Look at the deer browse on the tips of some of the branches:
As we practice agroforestry, planting trees for human food into this set of conditions is IDEAL...One would simply cut some of the saplings and lay them down as nutrient-rich mulch, and keep some to act as nurse trees for newly-planted apple or nut trees (for example).

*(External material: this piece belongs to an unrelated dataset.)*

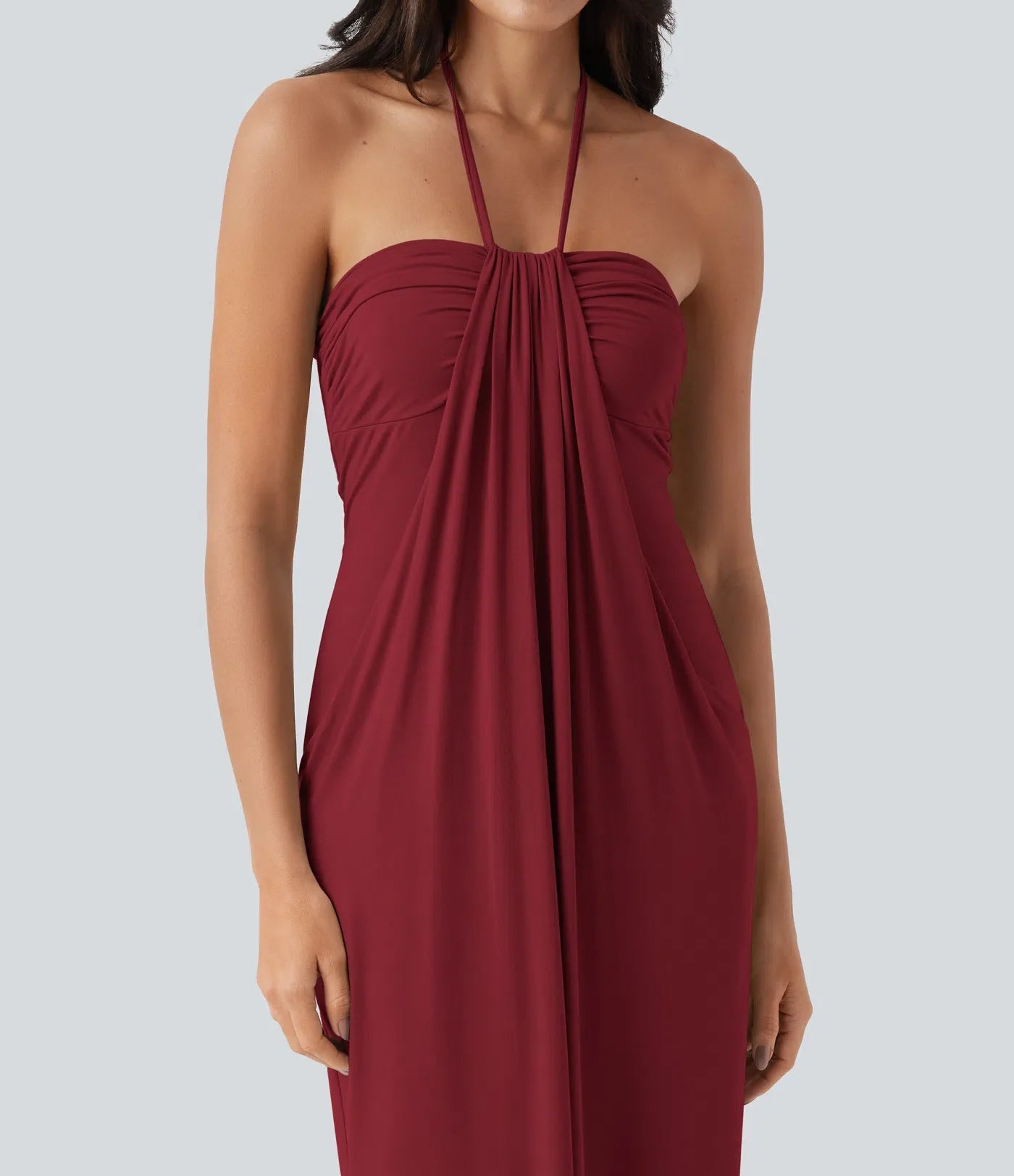 Trovehand Hourglass Bodycon Halter Tie Maxi Dress with Pockets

The benefits here are multiple:
1) No need to till the soil
2) Reduced grass and weed competition in the establishment of trees
3) Wind protection for the newly-planted trees provided by the remaining saplings
4) Trap crops for the deer to browse, thus diverting their attention from transplanted trees
5) Opportunity for the collection of manures left by browsing deer
6) Shrubby habitat for birds like turkey and grouse
7) Low cost of establishment, and no need to purchase mulch, distribute materials (ie fertility grown in place), and likely less time for productive tree establishment due to the presence of a healthy and undisturbed mycelial network
8) Carbon sequestration with low-to-no carbon expenditure (ie methane produced by livestock, or no human labor)
9) Growing mulch materials in place, thus accelerating the capacity to hold more carbon, more fungal networks, more nutrients in the system
Food systems and land stewardship will, by necessity, require the restoration of wildlife habitat, lest we lose the native flora and fauna that falls all too often at the hands of human agriculture and development. Livestock grazing dis-favors grassland bird, pollinator, and wildlife habitat, and costs the missed opportunity of restoring perennial, carbon-sequestering, resilient tree-based agricultural systems where they would naturally thrive.
This is but one way to partner with the power of living ecosystems in meeting human AND animal needs.